**Task to carry out**
Report back every line from the entries below in which the word "also" occurs.

**Records provided**
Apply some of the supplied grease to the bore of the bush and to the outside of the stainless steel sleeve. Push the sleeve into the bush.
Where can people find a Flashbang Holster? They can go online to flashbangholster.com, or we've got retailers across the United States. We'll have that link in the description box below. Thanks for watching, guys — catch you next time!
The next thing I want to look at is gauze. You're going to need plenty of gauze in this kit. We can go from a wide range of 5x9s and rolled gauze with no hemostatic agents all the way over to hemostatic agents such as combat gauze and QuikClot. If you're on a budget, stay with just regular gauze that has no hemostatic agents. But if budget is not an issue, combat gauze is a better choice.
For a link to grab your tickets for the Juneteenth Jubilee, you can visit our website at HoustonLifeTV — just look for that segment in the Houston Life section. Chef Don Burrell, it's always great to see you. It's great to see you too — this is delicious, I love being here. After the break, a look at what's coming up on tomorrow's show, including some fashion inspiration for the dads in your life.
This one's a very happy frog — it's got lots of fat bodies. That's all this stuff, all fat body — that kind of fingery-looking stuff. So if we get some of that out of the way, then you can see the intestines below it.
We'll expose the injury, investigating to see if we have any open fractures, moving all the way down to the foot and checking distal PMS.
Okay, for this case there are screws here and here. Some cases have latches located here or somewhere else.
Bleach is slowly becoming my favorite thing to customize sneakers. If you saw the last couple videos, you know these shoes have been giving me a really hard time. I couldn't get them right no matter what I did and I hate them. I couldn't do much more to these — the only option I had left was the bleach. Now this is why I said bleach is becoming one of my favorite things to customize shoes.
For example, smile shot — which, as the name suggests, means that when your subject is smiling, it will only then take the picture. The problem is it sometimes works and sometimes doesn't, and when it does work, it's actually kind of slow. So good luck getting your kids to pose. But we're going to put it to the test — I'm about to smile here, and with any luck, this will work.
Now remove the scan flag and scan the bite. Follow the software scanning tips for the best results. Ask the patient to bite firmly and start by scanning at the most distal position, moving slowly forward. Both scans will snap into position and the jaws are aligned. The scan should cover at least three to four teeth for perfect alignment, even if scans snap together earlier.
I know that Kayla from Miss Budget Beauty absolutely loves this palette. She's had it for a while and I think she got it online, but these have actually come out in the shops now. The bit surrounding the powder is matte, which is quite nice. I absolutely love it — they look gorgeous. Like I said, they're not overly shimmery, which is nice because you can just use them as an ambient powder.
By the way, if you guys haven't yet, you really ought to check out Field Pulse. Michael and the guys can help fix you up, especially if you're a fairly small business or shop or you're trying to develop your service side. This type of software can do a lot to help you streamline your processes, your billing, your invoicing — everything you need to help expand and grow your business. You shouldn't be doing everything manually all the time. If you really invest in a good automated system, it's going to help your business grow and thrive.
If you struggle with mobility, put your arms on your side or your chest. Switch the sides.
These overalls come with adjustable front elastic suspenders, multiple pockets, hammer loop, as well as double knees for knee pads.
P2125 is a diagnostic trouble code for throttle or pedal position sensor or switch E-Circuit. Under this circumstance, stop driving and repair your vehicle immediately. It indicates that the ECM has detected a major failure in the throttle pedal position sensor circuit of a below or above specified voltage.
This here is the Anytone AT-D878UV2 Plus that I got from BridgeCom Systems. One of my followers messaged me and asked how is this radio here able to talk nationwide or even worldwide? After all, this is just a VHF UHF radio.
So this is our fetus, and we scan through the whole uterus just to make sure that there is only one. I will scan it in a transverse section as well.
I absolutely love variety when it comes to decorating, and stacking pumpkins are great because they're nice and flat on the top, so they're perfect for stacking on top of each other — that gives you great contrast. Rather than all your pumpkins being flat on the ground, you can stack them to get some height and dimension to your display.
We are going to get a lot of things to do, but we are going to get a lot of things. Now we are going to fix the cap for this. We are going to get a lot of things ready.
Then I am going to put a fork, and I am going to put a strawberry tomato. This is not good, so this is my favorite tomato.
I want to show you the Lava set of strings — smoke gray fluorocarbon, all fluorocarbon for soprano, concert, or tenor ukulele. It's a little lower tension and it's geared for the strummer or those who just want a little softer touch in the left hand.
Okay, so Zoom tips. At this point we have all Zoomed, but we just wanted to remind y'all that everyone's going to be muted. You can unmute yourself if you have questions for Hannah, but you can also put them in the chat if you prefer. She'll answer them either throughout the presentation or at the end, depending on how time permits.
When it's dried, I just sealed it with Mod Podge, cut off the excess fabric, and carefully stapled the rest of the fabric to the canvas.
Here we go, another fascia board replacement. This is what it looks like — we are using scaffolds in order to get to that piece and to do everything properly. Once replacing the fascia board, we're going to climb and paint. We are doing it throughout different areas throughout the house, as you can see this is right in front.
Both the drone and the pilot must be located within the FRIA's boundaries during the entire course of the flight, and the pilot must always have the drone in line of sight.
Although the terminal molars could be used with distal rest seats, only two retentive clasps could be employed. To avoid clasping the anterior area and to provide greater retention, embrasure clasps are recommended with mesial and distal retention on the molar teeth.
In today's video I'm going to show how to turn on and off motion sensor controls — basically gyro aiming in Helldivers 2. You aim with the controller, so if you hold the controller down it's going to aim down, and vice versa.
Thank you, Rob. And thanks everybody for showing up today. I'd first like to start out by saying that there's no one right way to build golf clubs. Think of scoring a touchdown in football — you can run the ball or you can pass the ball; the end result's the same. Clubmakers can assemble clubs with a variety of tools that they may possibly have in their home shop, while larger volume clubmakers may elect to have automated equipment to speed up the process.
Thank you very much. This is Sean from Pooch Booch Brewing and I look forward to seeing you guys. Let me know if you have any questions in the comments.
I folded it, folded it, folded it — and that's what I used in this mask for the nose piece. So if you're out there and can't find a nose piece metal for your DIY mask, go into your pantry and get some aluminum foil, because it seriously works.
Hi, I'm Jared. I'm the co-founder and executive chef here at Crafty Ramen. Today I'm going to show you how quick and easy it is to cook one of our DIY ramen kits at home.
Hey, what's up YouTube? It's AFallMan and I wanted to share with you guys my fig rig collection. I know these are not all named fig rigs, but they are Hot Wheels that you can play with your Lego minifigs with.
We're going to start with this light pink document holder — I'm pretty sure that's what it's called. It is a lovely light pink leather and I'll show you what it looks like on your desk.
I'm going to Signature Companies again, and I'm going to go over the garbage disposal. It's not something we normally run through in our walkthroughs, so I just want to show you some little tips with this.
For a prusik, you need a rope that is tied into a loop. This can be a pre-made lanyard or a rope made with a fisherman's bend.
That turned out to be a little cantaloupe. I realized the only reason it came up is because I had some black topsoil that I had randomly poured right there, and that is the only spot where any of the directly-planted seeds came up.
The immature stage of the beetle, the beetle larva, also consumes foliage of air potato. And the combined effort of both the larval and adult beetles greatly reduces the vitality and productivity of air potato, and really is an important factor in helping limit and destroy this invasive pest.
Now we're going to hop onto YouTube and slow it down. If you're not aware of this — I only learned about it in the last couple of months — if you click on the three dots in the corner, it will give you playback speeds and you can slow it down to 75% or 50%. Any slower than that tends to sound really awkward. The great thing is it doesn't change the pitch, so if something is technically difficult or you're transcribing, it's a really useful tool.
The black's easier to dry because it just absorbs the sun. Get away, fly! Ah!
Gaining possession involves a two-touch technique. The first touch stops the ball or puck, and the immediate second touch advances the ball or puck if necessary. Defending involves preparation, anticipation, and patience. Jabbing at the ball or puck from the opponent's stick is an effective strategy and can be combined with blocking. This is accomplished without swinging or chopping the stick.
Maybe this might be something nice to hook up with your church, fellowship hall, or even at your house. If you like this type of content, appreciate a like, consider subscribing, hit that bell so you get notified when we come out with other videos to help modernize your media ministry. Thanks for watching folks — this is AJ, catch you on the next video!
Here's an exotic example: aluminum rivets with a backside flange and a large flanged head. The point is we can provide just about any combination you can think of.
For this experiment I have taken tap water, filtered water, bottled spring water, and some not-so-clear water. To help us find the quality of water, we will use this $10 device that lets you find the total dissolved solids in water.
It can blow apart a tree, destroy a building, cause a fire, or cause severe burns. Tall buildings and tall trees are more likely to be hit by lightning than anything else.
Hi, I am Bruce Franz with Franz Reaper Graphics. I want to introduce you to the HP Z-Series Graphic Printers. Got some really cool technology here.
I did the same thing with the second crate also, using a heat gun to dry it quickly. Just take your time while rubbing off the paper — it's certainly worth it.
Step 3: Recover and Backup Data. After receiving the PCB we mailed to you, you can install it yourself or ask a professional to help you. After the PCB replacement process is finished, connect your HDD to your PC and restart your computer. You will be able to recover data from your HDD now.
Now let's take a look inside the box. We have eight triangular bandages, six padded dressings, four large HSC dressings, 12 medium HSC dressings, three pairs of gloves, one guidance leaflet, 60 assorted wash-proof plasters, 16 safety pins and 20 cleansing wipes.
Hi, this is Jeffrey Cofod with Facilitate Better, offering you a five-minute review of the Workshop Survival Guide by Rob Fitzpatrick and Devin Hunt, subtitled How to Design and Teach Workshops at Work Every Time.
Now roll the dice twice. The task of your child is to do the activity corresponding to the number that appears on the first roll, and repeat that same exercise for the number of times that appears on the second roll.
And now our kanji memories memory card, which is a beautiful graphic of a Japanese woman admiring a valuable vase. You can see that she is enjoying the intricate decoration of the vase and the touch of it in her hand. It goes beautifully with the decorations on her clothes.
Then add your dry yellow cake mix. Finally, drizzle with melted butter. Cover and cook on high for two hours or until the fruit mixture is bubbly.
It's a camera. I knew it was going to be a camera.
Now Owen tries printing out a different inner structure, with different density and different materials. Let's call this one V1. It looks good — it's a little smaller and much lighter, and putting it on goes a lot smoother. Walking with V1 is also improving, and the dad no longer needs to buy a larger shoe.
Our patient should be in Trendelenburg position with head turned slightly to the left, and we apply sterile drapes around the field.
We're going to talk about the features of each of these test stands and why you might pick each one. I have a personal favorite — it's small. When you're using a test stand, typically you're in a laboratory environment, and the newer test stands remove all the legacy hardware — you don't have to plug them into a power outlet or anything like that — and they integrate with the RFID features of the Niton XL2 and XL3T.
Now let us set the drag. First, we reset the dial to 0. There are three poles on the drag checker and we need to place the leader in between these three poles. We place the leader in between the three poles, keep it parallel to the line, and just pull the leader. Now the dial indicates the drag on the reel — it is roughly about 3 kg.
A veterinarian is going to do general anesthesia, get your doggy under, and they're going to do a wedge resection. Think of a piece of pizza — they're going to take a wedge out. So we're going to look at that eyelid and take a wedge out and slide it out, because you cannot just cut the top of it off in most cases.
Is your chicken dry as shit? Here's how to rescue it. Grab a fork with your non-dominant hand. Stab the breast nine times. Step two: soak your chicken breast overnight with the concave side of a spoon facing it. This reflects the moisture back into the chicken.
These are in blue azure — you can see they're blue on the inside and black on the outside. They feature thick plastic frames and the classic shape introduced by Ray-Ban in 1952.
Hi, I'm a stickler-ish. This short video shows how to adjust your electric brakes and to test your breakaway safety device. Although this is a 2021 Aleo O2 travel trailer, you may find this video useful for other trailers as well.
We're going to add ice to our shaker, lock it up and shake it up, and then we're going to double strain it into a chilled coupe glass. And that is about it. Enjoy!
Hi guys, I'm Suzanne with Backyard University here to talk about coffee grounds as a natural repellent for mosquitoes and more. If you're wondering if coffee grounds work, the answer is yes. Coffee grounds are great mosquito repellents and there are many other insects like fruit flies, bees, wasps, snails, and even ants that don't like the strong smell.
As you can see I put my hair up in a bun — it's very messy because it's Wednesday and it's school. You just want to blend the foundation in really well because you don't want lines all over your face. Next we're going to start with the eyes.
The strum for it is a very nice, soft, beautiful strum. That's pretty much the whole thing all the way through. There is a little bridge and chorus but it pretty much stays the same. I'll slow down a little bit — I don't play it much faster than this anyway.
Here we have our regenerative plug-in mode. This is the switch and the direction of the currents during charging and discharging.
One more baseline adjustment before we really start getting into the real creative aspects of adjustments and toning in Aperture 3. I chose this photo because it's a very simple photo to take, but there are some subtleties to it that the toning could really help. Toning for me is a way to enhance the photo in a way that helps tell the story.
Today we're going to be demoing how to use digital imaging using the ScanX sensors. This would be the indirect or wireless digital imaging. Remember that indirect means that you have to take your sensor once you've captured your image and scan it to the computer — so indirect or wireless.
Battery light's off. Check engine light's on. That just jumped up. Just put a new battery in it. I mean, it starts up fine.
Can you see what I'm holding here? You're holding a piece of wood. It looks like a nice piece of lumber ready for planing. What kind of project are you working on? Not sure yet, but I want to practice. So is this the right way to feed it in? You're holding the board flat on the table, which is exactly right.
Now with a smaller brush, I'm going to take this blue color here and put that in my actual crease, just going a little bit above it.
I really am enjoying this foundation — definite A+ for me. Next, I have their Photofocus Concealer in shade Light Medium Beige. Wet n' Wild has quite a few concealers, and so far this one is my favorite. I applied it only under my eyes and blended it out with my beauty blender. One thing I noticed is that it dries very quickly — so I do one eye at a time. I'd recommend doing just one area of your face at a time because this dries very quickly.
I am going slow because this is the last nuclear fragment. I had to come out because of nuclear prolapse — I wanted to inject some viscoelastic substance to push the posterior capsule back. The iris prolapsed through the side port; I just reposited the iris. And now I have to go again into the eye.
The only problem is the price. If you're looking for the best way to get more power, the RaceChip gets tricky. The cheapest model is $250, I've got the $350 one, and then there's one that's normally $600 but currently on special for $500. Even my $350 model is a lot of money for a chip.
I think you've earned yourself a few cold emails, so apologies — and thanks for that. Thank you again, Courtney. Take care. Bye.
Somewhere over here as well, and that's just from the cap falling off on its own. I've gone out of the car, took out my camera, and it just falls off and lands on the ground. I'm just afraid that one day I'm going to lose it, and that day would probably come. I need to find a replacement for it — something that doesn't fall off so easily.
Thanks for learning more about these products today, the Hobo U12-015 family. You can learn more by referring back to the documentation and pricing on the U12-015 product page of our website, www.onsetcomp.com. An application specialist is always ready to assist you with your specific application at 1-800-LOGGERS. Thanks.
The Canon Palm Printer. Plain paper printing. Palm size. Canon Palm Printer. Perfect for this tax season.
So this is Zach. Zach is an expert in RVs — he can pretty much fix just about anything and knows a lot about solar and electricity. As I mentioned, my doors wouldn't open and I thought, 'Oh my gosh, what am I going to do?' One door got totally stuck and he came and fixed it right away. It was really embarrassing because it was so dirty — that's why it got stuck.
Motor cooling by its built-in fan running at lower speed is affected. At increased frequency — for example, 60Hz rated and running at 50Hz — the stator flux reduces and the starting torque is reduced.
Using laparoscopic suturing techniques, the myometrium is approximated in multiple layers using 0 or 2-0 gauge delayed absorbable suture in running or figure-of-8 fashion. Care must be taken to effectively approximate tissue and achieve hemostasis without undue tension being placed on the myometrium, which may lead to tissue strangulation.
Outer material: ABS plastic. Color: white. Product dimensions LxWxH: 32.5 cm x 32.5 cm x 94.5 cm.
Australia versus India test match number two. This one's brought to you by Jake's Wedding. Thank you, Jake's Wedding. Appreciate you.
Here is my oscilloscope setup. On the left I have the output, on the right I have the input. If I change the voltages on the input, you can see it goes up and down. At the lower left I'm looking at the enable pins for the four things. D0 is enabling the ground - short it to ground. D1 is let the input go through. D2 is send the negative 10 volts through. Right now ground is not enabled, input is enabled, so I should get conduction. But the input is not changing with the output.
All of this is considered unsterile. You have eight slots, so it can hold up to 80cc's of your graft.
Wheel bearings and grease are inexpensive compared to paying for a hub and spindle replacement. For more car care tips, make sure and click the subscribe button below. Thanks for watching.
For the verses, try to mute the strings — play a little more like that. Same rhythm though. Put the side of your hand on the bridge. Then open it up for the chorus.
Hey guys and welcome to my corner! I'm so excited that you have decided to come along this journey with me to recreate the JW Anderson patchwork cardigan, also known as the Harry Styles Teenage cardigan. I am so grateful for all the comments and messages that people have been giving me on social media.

**Solution for this task**
Okay, so Zoom tips. At this point we have all Zoomed, but we just wanted to remind y'all that everyone's going to be muted. You can unmute yourself if you have questions for Hannah, but you can also put them in the chat if you prefer. She'll answer them either throughout the presentation or at the end, depending on how time permits.
The immature stage of the beetle, the beetle larva, also consumes foliage of air potato. And the combined effort of both the larval and adult beetles greatly reduces the vitality and productivity of air potato, and really is an important factor in helping limit and destroy this invasive pest.
I did the same thing with the second crate also, using a heat gun to dry it quickly. Just take your time while rubbing off the paper — it's certainly worth it.
Now Owen tries printing out a different inner structure, with different density and different materials. Let's call this one V1. It looks good — it's a little smaller and much lighter, and putting it on goes a lot smoother. Walking with V1 is also improving, and the dad no longer needs to buy a larger shoe.
Hey guys and welcome to my corner! I'm so excited that you have decided to come along this journey with me to recreate the JW Anderson patchwork cardigan, also known as the Harry Styles Teenage cardigan. I am so grateful for all the comments and messages that people have been giving me on social media.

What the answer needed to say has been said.